Prima che fosse troppo tardi

Siamo all’inizio degli anni Novanta: il muro di Berlino è appena crollato, portandosi dietro la “cortina di ferro”; l’Unione Sovietica è sul punto di dissolversi, lasciando il mondo brevemente orfano del grande nemico comune contro cui coalizzarsi; la Jugoslavia di Tito scivola rapidamente fuori dal federalismo, in una corsa di lì a poco sfrenata verso l’indipendenza.
Divko Buntic (il sempre bravissimo Miki Manojlovic) decide di rientrare in Erzegovina dopo vent’anni di “esilio” in Germania. Torna, come tutti gli emigranti, deciso a fare bella mostra del suo successo e della nuova posizione che i Deutschmark gli garantiscono nel villaggio natale: arriva alla guida di una Mercedes rosso fiammante, accompagnato da una fidanzata giovane e fin troppo “moderna”, Azra (Jelena Stupljanin), e da Bonny, il suo gatto nero portafortuna.

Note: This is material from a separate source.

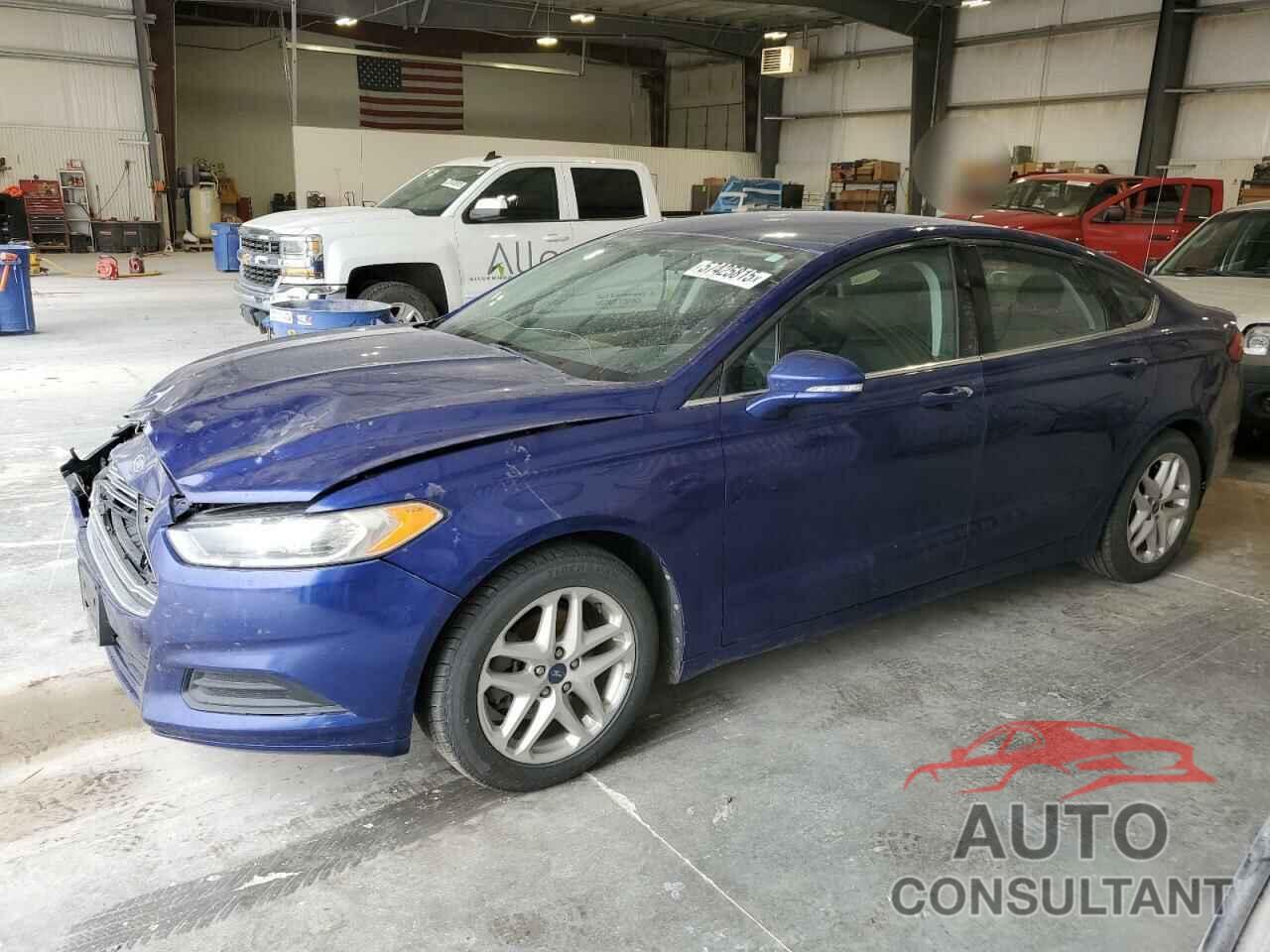 FORD FUSION 2013 - 3FA6P0H73DR193232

Come prima cosa Divko fa sfrattare sua moglie Lucija (Mira Furlan) dalla casa di famiglia in cui era rimasta ad abitare durante la sua assenza e ne riprende possesso come niente fosse, con la pentola della minestra sul fuoco; poi cerca di conquistarsi l’affetto del figlio Martin (Boris Ler), che non aveva mai conosciuto e con il quale non aveva mai cercato di mettersi in contatto. In teoria, Divko è tornato per “sistemare le carte del divorzio” e sposare Azra, ma in pratica sembra che il suo scopo sia tormentare Lucija; il fatto è che i due, da ragazzi, si amavano follemente, benché lei appartenesse a una famiglia di partigiani (comunisti) e lui ad una di ustascia (croati ultranazionalisti e fascisti): “come Romeo e Giulietta – spiega Martin – solo che sopravvivono e si odiano”.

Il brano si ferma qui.